We set off about 6 pm, and rode a few hours, then stopped at a convenience store because we all wanted to use the toilet. I bought a packet of salted almonds there. Then we continued to the first control and arrived there quite late at night. I was very glad I had the salted almonds (and the few energy bar I had brought with me) because all they had at the control was a small plate of apple slices and a large plate of peanut butter sandwiches, all nicely made up. Well, I can't eat peanut butter ... I get sick. So I asked them if there were some bread and jam or something and they told me that they had used it all making the sandwiches because ALL cyclists love peanut butter sandwiches. Great. So I ate my salted almonds and several apple slices and continued.
About 6 am, we rolled into the next control. I was on the brink of starvation by this point. My energy bars were gone and the fuel from those apple slices and little packet of salted almonds was long gone. At this control I was given a tiny bowl of those cheap oriental noodles. I devoured it, and returned to the kitchen for some more ... and was given about a tablespoon more very reluctantly. My other option was some dried out bread, which didn't appeal to me, and the crumbs from the bottom of a large bowl which contained potato chips. I ate those.

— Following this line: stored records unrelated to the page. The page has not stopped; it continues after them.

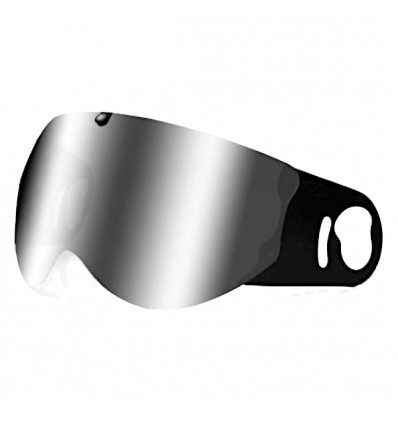 Visiera Roof per casco Boxer V8 a specchio argento Visiera Roof per casco Boxer V8 a specchio argento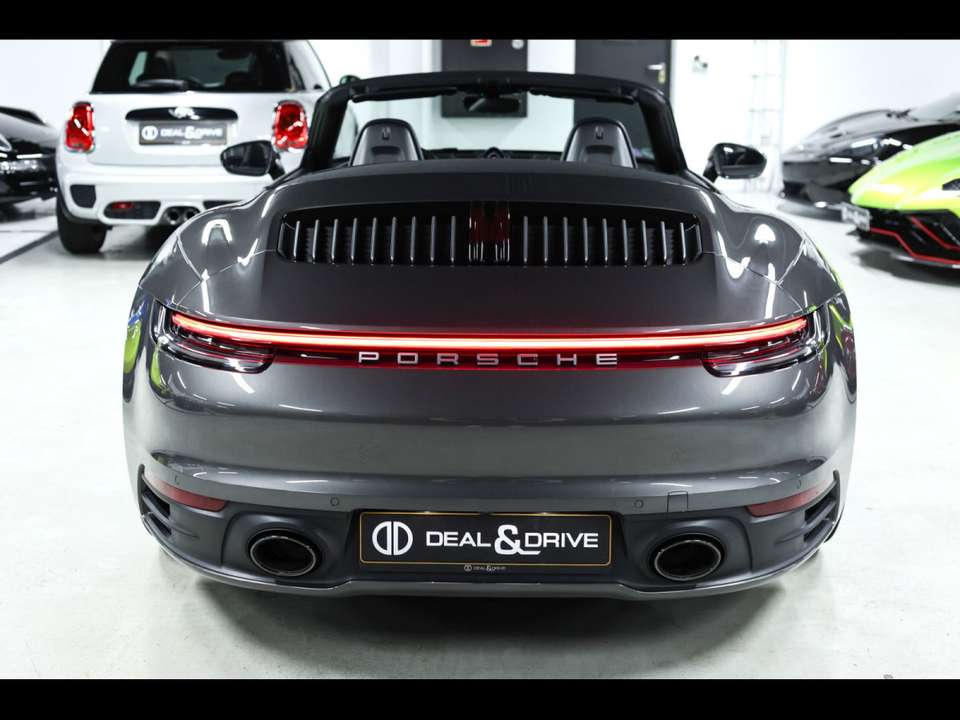Porsche 992 - Imagem 4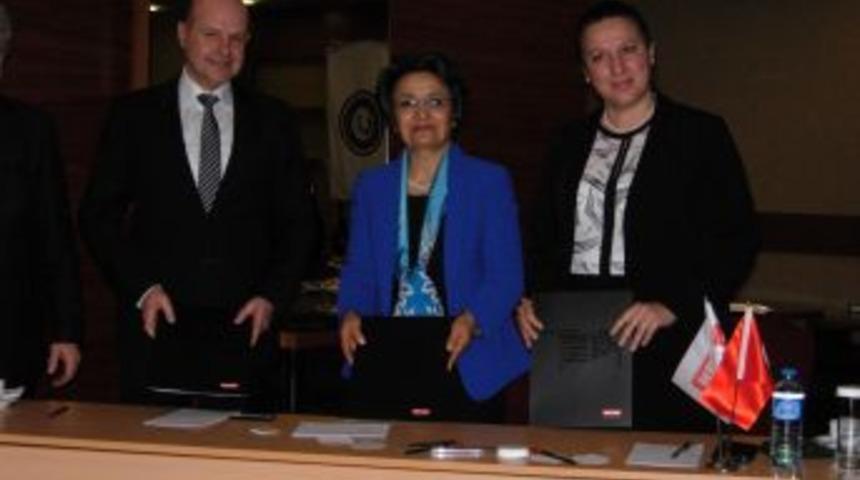 Ege &Uuml;niversitesi Ile Netsis Işbirliği Yaptı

An hour or two later, we were all (I was riding with a group of me and 3 guys) still very hungry so we stopped at a little place by the side of the road and had large sandwiches. Those were great! I definitely wouldn't have made it as far as I did without that sandwich! But we had to pay for it out of our own pockets.
At the next control, we rolled in between lunch and supper. We were informed that they had just cleared away the lunch food and wouldn't get around to making supper for a few hours yet. We complained and so they finally asked us what we would like, and they would try to get it from the store. We all wanted pasta. Plain pasta. The head lady walked away muttering, "The things these cyclists want to eat. Plain pasta? How odd!" Odd?? It's odd that cyclists would want pasta???
Nevertheless, some time later they finally produced plain pasta, but we were at that control for about 2 hours waiting for it.
I ended up stopping at the next control and staying there a while, and ended up having to prompt the people working there to always have food out for the cyclists ... they'd put everything away after every "meal" and have nothing on the table for cyclists who arrived in between "meals" ... and that it didn't matter what it was, they didn't have to serve breakfast in the morning, lunch at noon, and supper at night ... they could serve plain pasta 24 hours a day. That seemed like a very novel and odd idea to them.
Aside from the food, they provided us with outdated instructions. I came into the town were I stopped and was standing there staring at street signs, my map, and my cue sheet and couldn't make head nor tails of it. Finally someone pulled up and asked me if I needed help. The person looked at my information, and told me it was at least 4 years old and that they had redone all the streets in that area ages ago. Great. Nice to have that information.
And ... there was the guy they lost. He was sort of riding in my vicinity and I could see he was struggling. But at the pasta control, they let him go even though he could barely stand upright and it was getting dark. He ended up collapsing on the side of the road and some campers found him and gave him a blanket. Meanwhile, his wife called the control I was at asking about him because he hadn't checked in with her at all. They told her not to worry, he was there at the control ..... and they didn't even check the list, or the sleeping room, or send a sweep vehicle out to look. The guy could have died or been very sick by the side of the road and no one would have known. It wasn't till morning that they bothered to send anyone to look for him.
It was just NOT a well organized event.